Clemens Schmale hat seinen persönlichen Handelsstil seit den 1990er Jahren an der Börse entwickelt.

Dieser gründet auf zwei Säulen: ein anderer Analyseansatz und andere Basiswerte. Mit anders ist vor allem die Kombination aus Global Makro, fundamentaler Analyse und Chartanalyse sowie Zukunftstrends gemeint. Während Fundamentaldaten und Makrotrends bestimmen, was konkret gehandelt wird, verlässt sich Schmale beim Timing auf die Chartanalyse. Er handelt alle Anlageklassen, wobei er sich größtenteils auf Werte konzentriert, die nicht „Mainstream“ sind. Diese Märkte sind weniger effizient als andere und ermöglichen so hohes Renditepotenzial.
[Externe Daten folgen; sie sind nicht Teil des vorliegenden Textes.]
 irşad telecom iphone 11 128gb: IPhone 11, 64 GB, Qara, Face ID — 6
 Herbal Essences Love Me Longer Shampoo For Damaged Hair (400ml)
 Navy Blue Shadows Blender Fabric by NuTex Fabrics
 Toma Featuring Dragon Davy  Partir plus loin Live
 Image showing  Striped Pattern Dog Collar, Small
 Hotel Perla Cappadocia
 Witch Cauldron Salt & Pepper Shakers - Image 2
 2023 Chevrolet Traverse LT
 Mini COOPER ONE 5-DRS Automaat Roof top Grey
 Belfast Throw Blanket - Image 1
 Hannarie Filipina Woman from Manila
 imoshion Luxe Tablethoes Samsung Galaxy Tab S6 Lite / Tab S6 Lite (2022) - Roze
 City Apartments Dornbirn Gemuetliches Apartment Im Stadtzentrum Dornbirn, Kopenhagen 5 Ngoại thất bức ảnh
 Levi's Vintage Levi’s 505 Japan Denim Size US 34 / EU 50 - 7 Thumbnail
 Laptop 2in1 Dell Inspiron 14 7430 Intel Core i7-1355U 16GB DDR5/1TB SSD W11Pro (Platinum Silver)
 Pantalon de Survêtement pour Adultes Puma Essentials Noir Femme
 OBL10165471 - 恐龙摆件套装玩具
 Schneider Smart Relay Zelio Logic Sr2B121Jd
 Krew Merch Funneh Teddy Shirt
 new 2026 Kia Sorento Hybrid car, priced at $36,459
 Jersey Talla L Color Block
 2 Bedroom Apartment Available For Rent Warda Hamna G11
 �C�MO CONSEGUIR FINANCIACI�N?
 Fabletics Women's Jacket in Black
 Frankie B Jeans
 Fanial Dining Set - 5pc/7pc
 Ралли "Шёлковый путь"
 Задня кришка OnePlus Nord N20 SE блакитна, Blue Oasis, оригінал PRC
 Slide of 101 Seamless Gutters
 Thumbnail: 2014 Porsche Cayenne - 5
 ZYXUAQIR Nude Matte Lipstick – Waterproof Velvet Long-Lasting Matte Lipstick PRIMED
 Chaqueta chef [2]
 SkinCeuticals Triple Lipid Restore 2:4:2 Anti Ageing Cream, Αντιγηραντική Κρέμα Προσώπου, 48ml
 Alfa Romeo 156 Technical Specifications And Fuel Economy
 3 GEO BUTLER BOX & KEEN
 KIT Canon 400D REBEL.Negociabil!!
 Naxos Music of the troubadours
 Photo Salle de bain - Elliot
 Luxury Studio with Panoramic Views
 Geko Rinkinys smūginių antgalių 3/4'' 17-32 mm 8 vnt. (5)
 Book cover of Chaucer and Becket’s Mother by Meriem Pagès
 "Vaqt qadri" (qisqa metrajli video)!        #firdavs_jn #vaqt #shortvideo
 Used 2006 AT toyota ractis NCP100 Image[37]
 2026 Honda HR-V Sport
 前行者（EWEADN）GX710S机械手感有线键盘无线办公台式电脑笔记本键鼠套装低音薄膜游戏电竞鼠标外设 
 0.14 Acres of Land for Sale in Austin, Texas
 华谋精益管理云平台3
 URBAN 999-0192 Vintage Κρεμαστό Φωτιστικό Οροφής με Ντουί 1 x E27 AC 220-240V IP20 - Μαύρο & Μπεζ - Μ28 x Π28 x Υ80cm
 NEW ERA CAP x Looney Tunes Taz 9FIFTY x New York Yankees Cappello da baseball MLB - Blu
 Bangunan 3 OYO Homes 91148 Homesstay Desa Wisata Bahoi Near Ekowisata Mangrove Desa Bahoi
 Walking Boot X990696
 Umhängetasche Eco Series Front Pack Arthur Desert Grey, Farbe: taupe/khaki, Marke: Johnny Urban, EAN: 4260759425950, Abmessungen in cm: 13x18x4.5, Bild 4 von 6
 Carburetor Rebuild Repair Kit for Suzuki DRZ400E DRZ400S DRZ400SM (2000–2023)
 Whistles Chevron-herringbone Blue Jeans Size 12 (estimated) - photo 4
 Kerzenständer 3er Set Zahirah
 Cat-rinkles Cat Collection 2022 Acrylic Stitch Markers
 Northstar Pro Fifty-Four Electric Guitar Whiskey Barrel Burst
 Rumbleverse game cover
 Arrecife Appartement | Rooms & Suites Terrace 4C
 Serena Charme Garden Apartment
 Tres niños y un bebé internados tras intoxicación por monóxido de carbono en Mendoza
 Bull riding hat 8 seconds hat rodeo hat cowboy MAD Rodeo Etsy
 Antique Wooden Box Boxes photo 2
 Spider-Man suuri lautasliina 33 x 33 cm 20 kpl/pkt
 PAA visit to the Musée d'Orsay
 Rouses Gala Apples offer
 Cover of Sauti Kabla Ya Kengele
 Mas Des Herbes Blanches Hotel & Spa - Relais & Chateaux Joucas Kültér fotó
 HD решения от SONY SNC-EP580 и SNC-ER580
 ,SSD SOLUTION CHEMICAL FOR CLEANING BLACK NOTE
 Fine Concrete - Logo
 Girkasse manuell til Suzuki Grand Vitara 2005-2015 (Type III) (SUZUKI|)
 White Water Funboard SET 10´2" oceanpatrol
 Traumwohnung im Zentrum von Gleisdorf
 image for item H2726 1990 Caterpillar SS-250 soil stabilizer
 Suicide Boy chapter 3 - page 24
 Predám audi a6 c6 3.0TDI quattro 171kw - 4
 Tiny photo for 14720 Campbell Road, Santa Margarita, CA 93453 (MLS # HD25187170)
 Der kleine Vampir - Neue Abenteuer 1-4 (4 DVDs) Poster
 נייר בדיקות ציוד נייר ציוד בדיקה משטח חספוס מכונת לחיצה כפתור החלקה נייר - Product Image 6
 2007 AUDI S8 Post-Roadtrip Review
Sie sind damit allerdings auch spekulativer als hochliquide Märkte. Die Haltedauer einzelner Positionen variiert nach Anlageklasse, beträgt jedoch meist mehrere Tage, oft auch Wochen oder Monate.

Rohstoffe, Währungen und Volatilität handelt er aktiv, in Aktien und Anleihen investiert er eher langfristig. Die Basiswerte werden direkt – auch über Futures – oder über CFDs gehandelt, in Ausnahmefällen über Optionen und Zertifikate.